Let's go ahead and place the battery into the enclosure. It can rest on top of the components. You might think this might damage the components or wiring but, honestly I haven't experienced any issues. As long as you don't shake the enclosure ferociously, I think it'll be OK. There's also plent of room in the enclosure for some sort of cushioning, like papper or cotton? If you're worried about puncturing the lipo battery, you can wrap it in gaffers tape for extra protection. Or maybe use a AAA battery pack? Not sure that would fit. Options!

Install Cover

OK now for the last step. Let's fit the cover over the enclosure. The indentations on the lip of the cover snap fit into the nubs on the inside edge of the enclosure.
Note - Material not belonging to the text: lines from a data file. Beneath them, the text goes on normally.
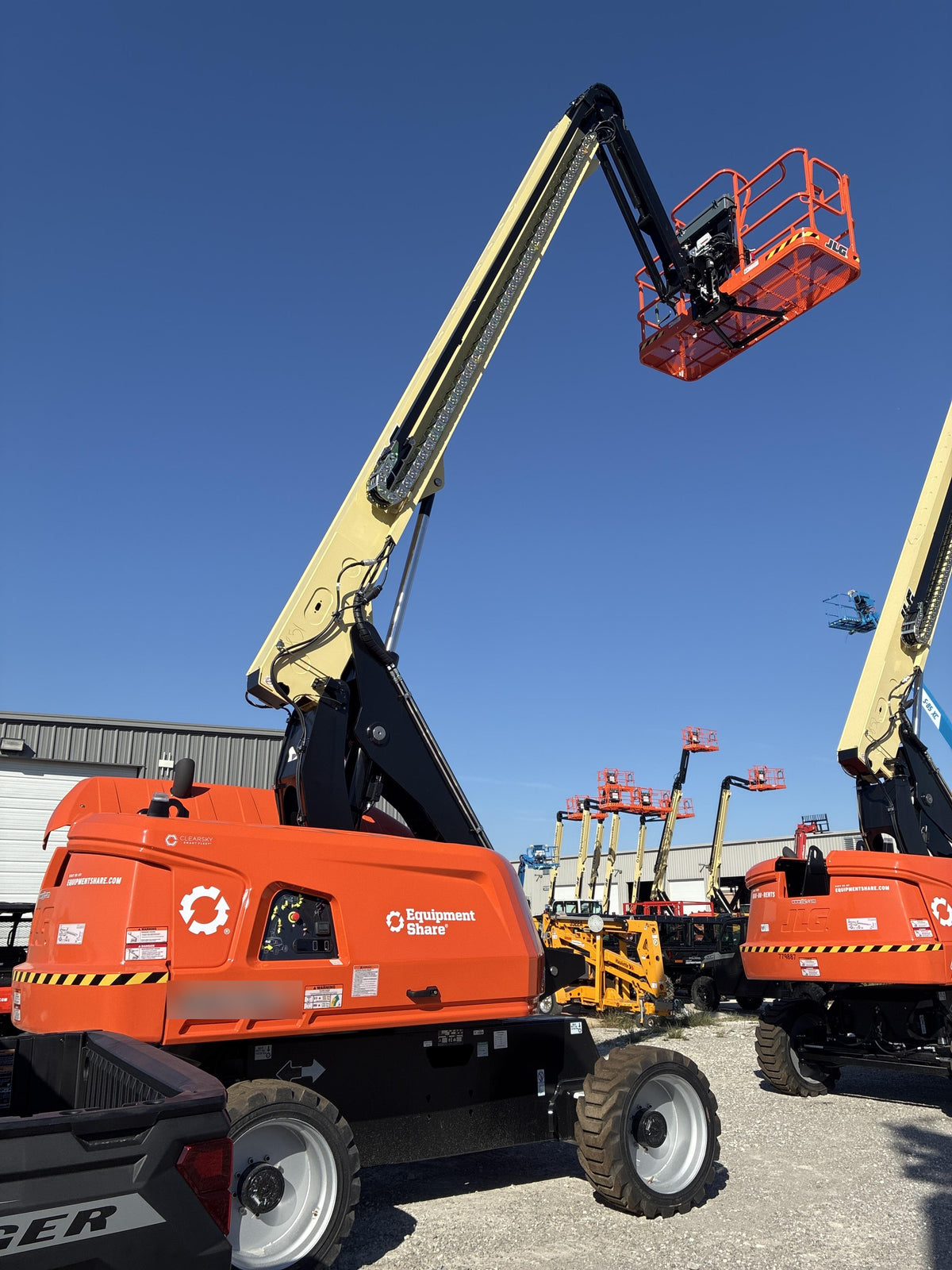 2026 JLG 660SJ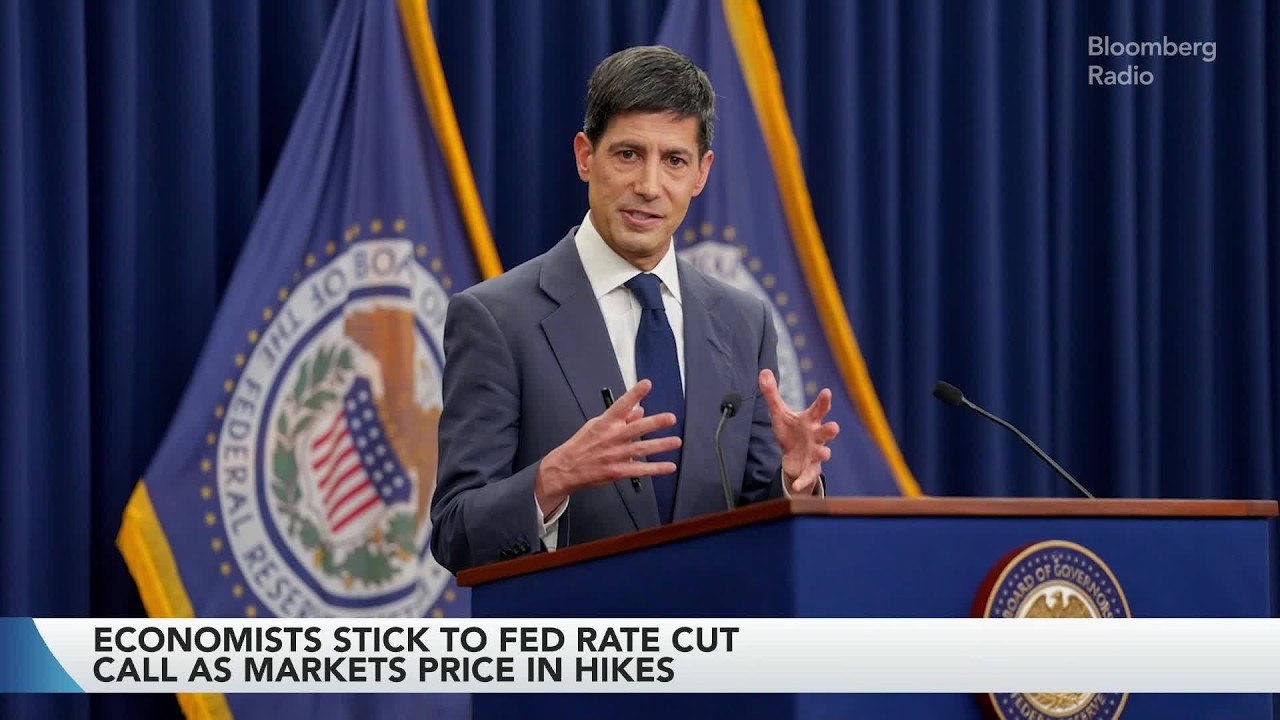 Economists Stick to Fed Rate Cut Call as Markets Price In Hikes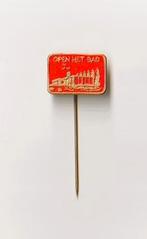 volmetaal zwembad speld Open Het Bad, Ophalen of Verzenden, Gebruikt, Overige onderwerpen, Speldje of Pin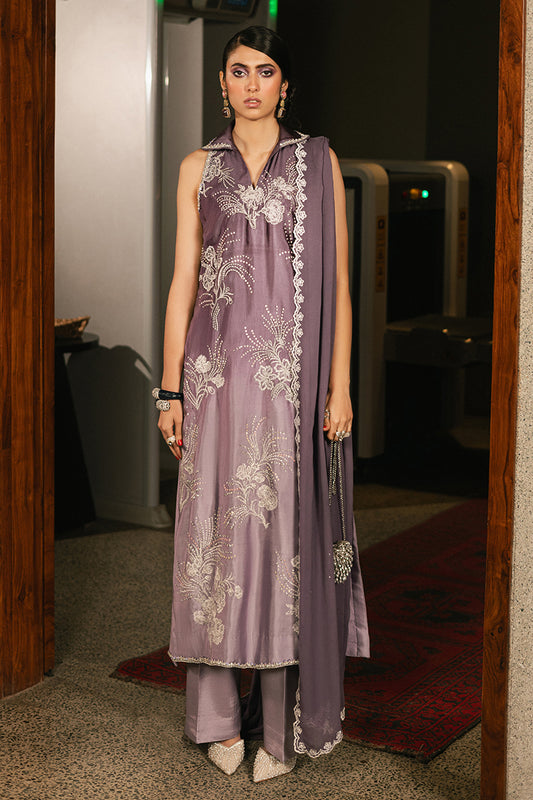 ZEB ZEESHAN - Solitaire with Sleeves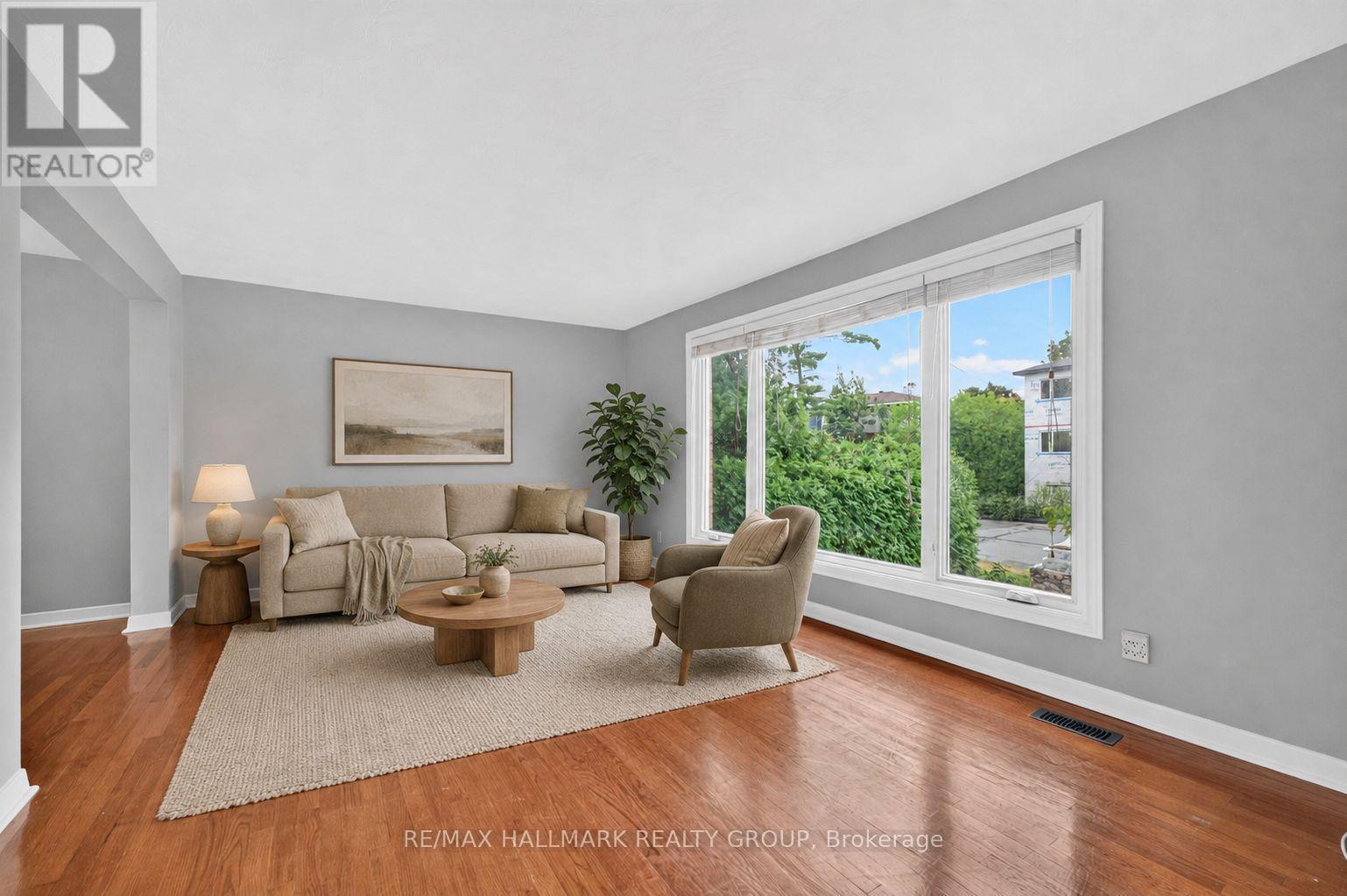 323 POULIN AVENUE - Image 8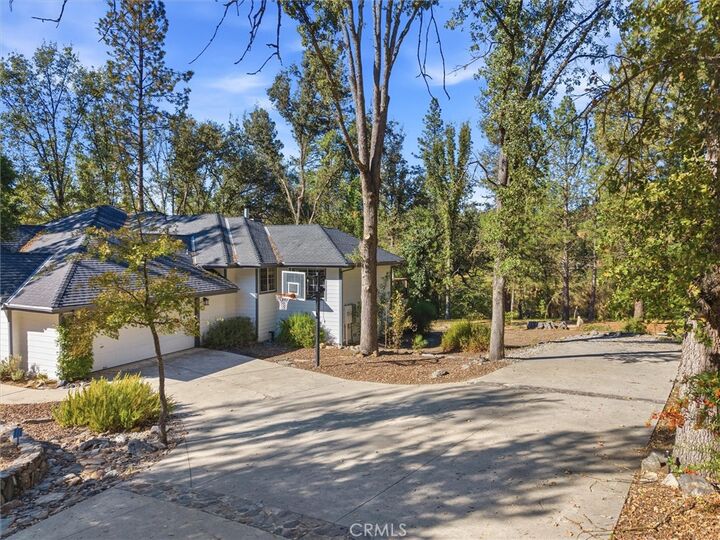 Property Photo:  46055 Sutton  CA 93644 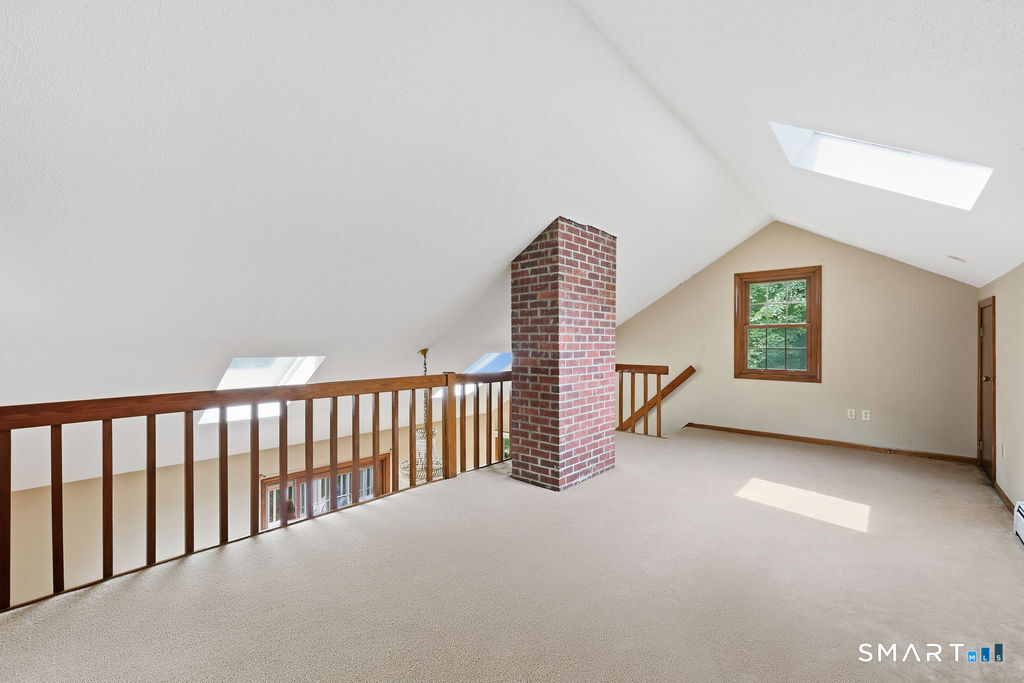 28 Green Woods Lane Farmington CT 06085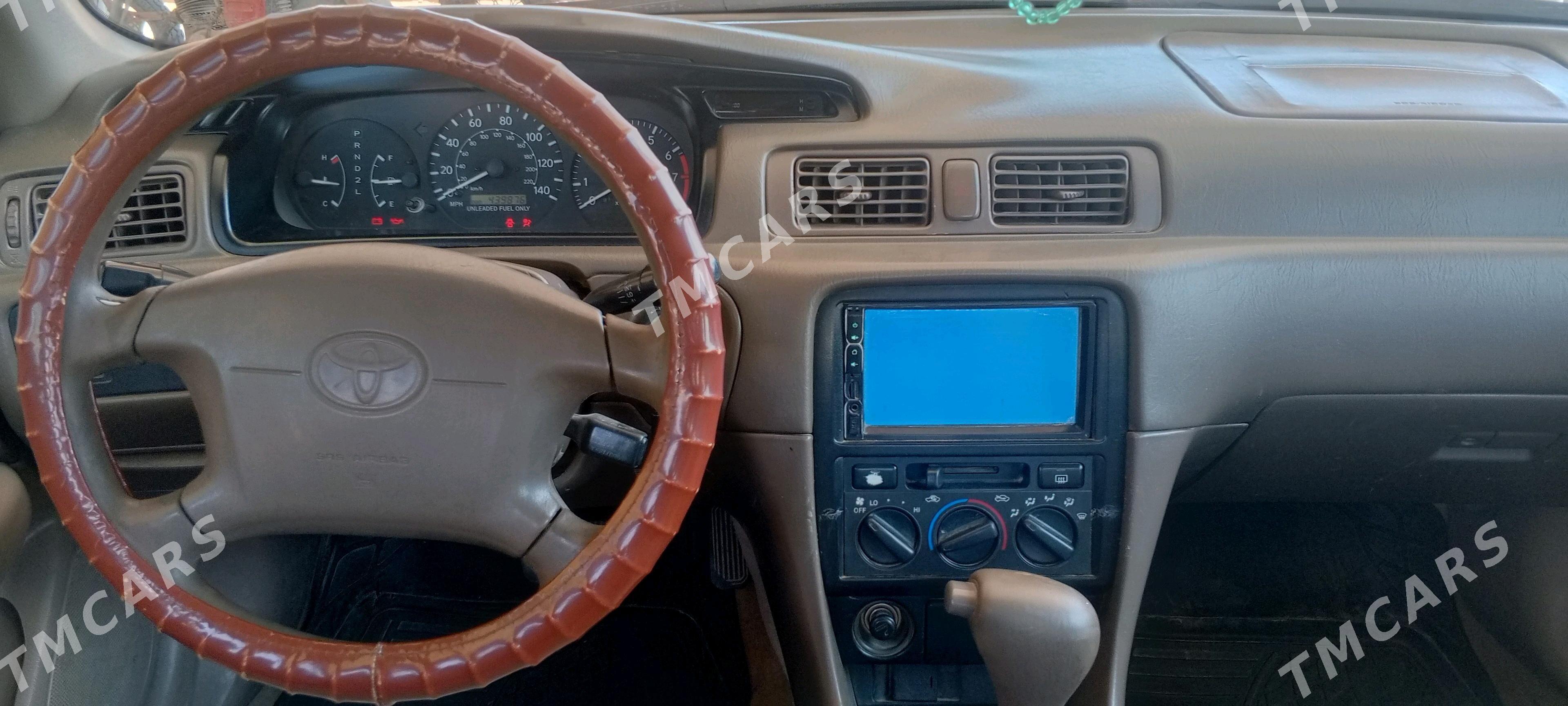 Toyota Camry 1997 - 95 000 TMT - Baýramaly - img 3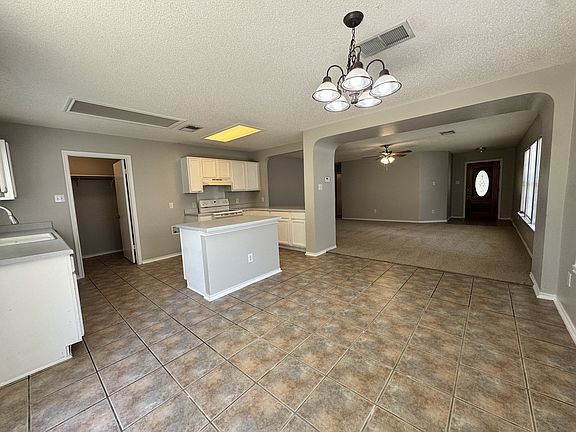 4th image of 1008 Aransas Cv
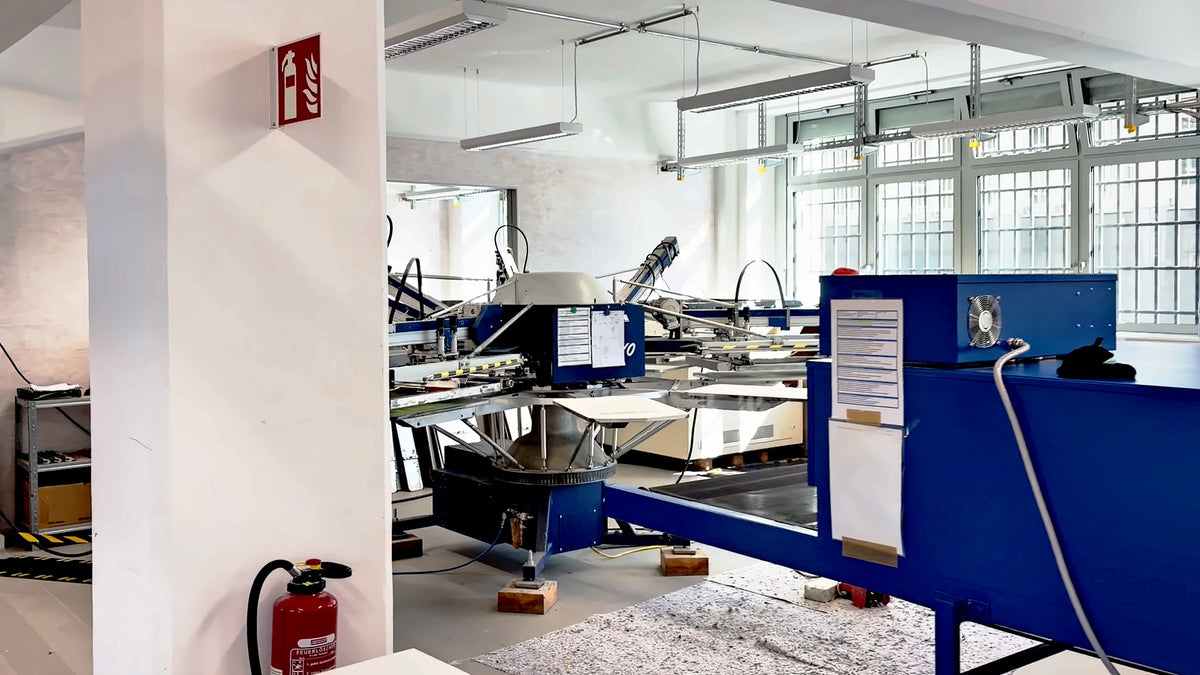 Tassen in der Werkstatt von Booh Outfit in Berlin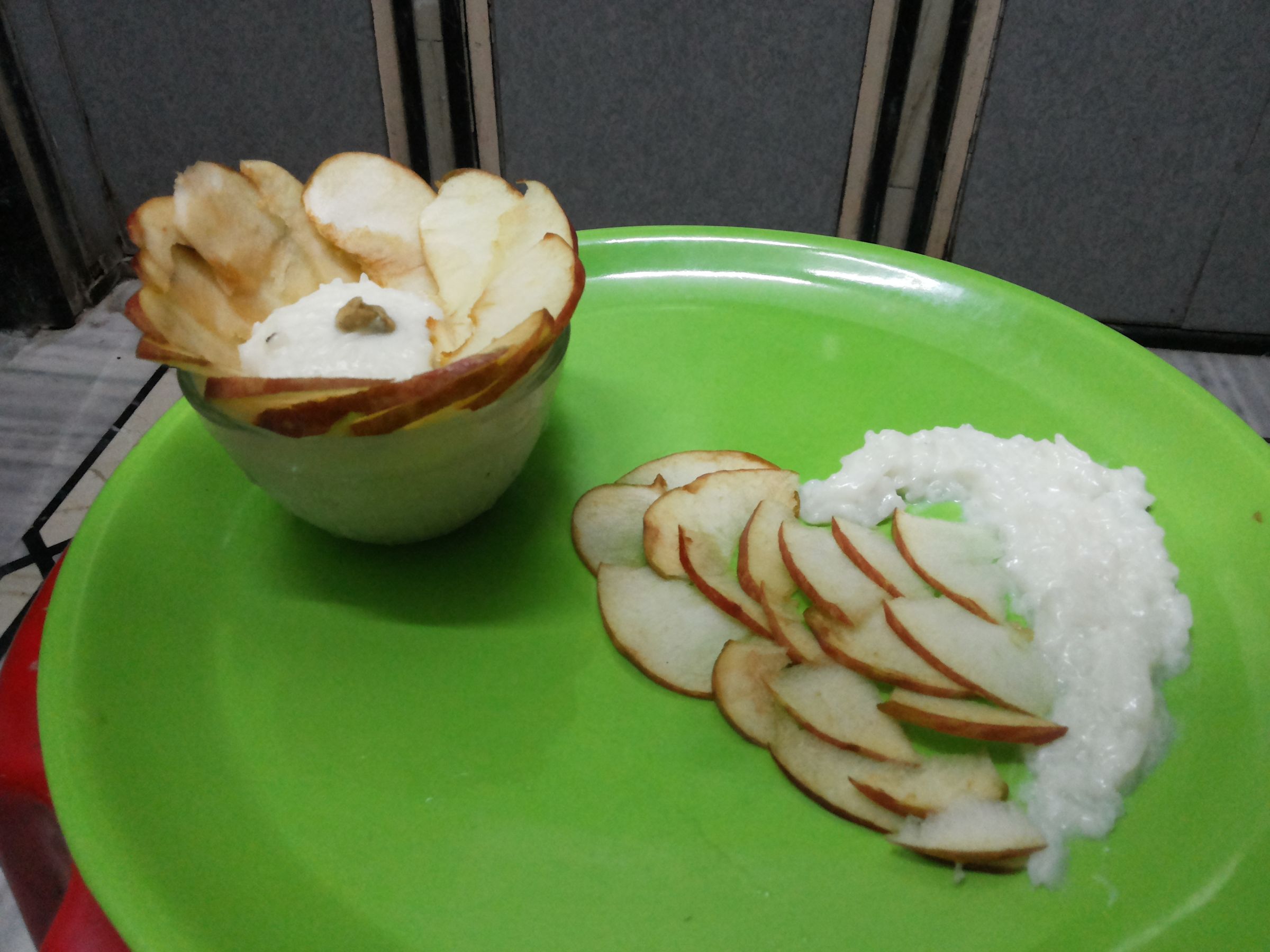 KHEER OR RICE PUDDING WITH APPLE DECORATION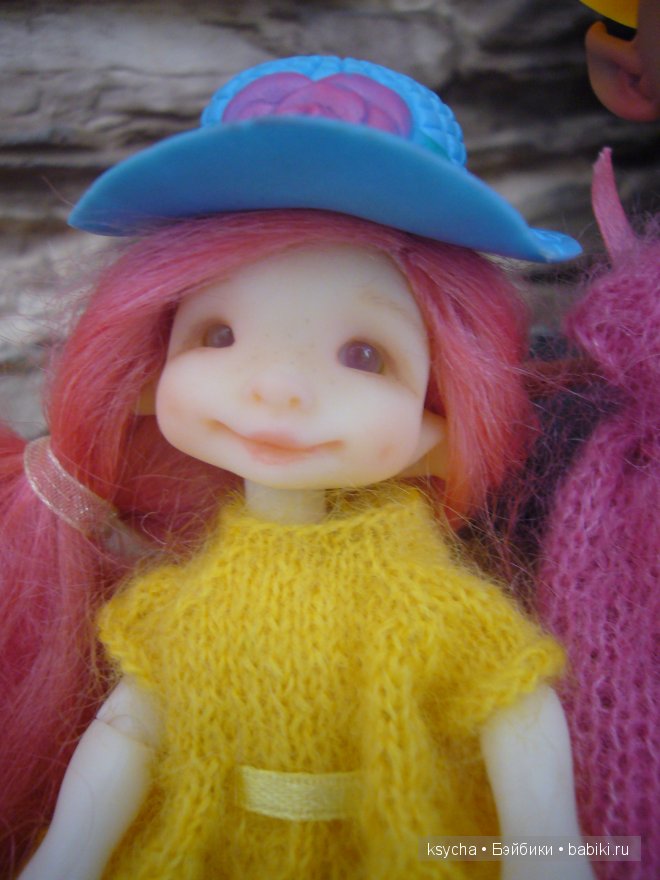 К нам приехал, к нам приехал... паричок для Сюзи (Susi Nefer Kane)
You'll need to apply some press to get them to snap together. Fitting the cover at an angle might be helpful. Once you get all six edges shut, you should have a really tight fitting. That cover is never coming out now! JK, you should be able to pry it open with your finger nails or spatula if you ever need to open it back up.

Finished Build!

Welp, thats all folks! Our assembly is complete. We can try it out now. Turn it on and connect your new MIDI controller to your preferred DAW. Check out the next page for connectivity options.

User Interface

So how does this thing work? You'll definitely want to read Todd's guide on how the interface works. There's several commands and settings you can adjust by tapping on multiple pads. Change the tempo, pitch, velocity or even MIDI channel. Click the green button below to automatically teleport to Todd's guide. 

Connecting BLE MIDI Devices

OK, so how do we connect BLE MIDI devices to our computer (or mobile device)? On a mac, you can use the Audio MIDI Setup utility. Open the MIDI studio window. Then, double click on the Bluetooth icon to open the Bluetooth Configuration window. From here, you'll see the MIDI device, "Adafruit Bluefruit LE". Click on the connect button to connect your computer to the device. Then, you should be able to use audio software like Ableton, Logic, GarageBand, etc. This guide won't cover how to connect MIDI devices to a particular piece of software. There's tons of other great resources for that!